Tinctoris' eight rules of composition
From his third book on counterpoint.

Rule #1 Begin and finish with perfect consonance. It is, however, not wrong if the singer is improvising a counterpoint and ends with imperfect consonance, but in that case, the movement should be many-voiced.  Sixth or octave doubling of the bass is not allowed.

Rule #2 Follow together with ténor up and down in imperfect and perfect consonances of the same kind. (Parallels at the third and sixth are recommended, fifth and octave parallels are forbidden.)

Rule #3 If ténor remains on the same note, you can add both perfect and imperfect consonances.

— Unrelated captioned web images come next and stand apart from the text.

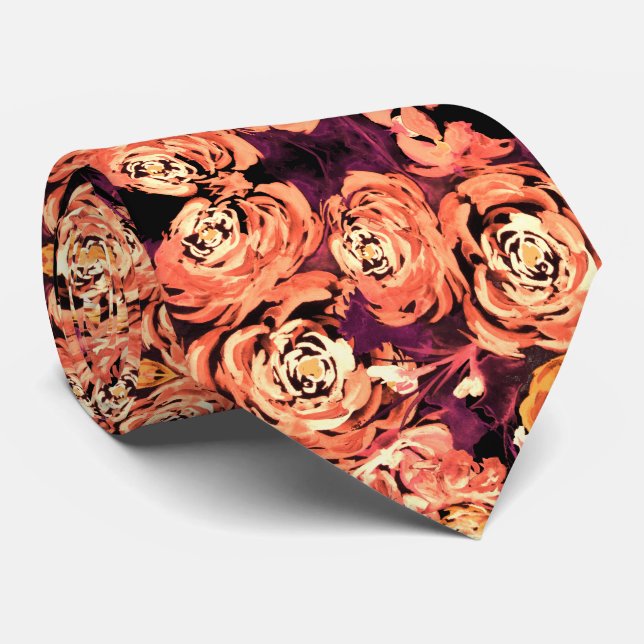 Cravate Motif Rose d'or et de bronze (Roulé)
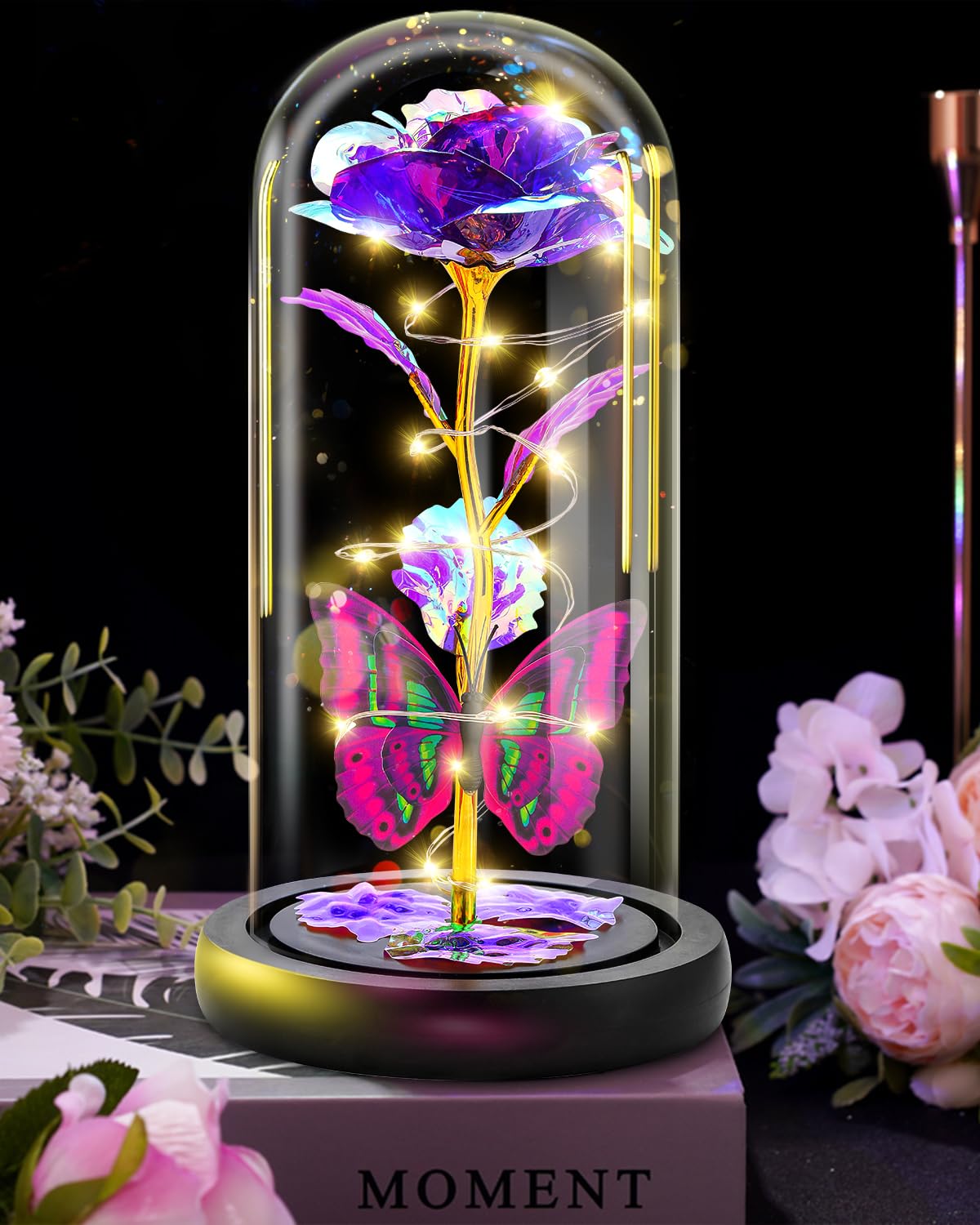 Otlonpe Romantic Forever Rose Flower Gift for Her - Artificial Galaxy Glass Rose with LED Light, Valentine's Day Birthday Gift for Girlfriend, Wife, Mom, Sister & Friend (Purple) - Perfect for Anniversaries, Weddings & Home Decor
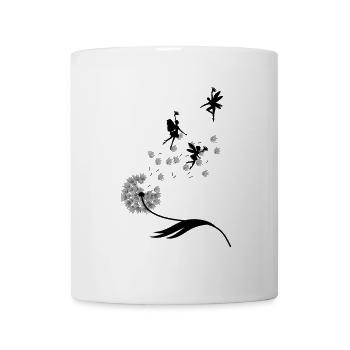 Schmetterlingdesign Pusteblumen Wiese Herzen Feen - Tasse - Weiß - Vorne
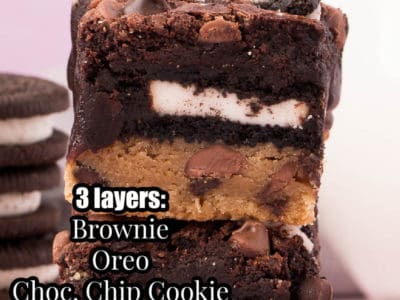 Stacked Oreo Brookies with text on image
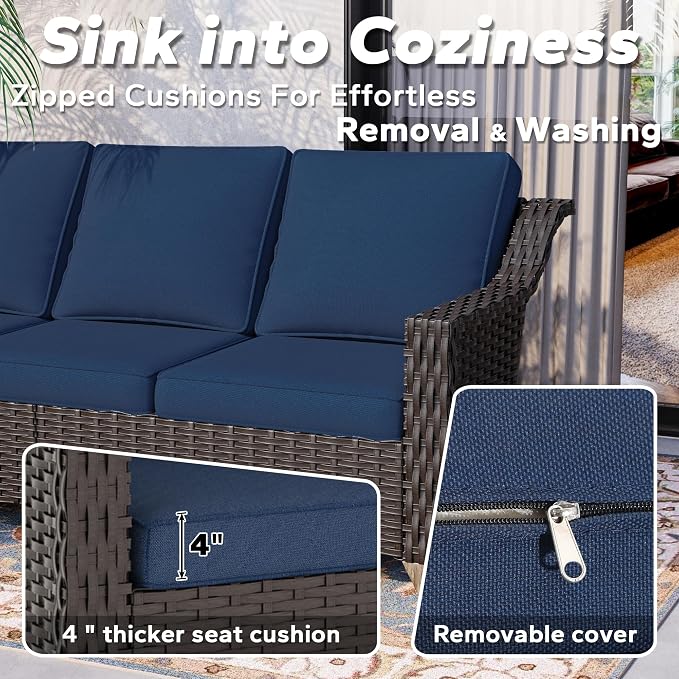 8 Pieces Patio Conversation Furniture Set - 2 Sofas, 4 Ottomans, 2 Swivel Chairs, 1 Side Table, Outdoor Wicker Furniture with Removable Cushions for Porch, Balcony, Sunroom (Blue)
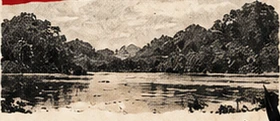 Gravura de paisagem de rio e montanhas.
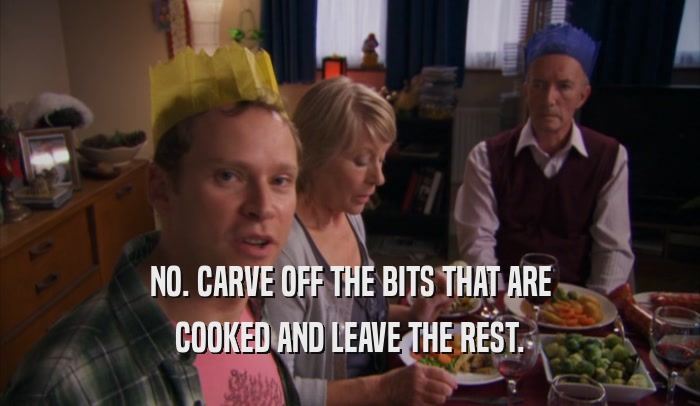 NO. CARVE OFF THE BITS THAT ARE COOKED AND LEAVE THE REST. 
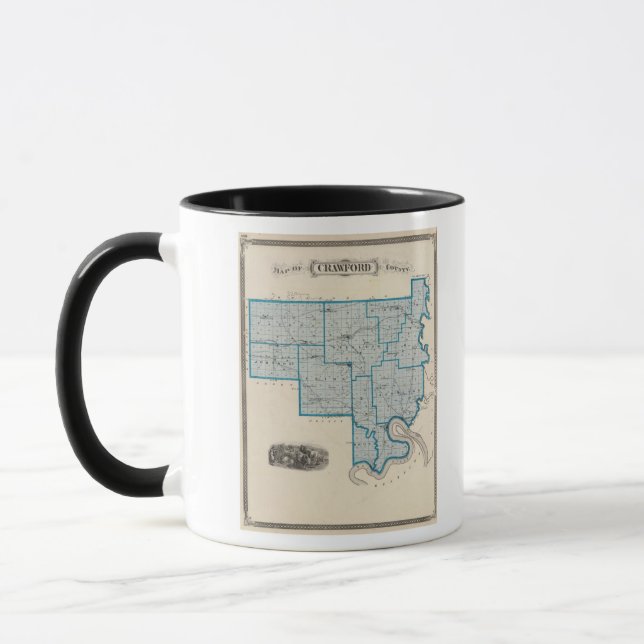 Caneca Mapa do Condado de Crawford (Esquerda)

Rule #4 The counterpointed part should have a melodic closed form even if ténor makes big leaps.

Rule #5 Do not put cadence on a note if it ruins the development of the melody.

Rule #6 It is forbidden to repeat the same melodic turn above a cantus firmus, especially if the cantus firmus contains that same repetition.

Rule #7 Avoid two or more consecutive cadences of the same pitch even if cantus firmus allows it.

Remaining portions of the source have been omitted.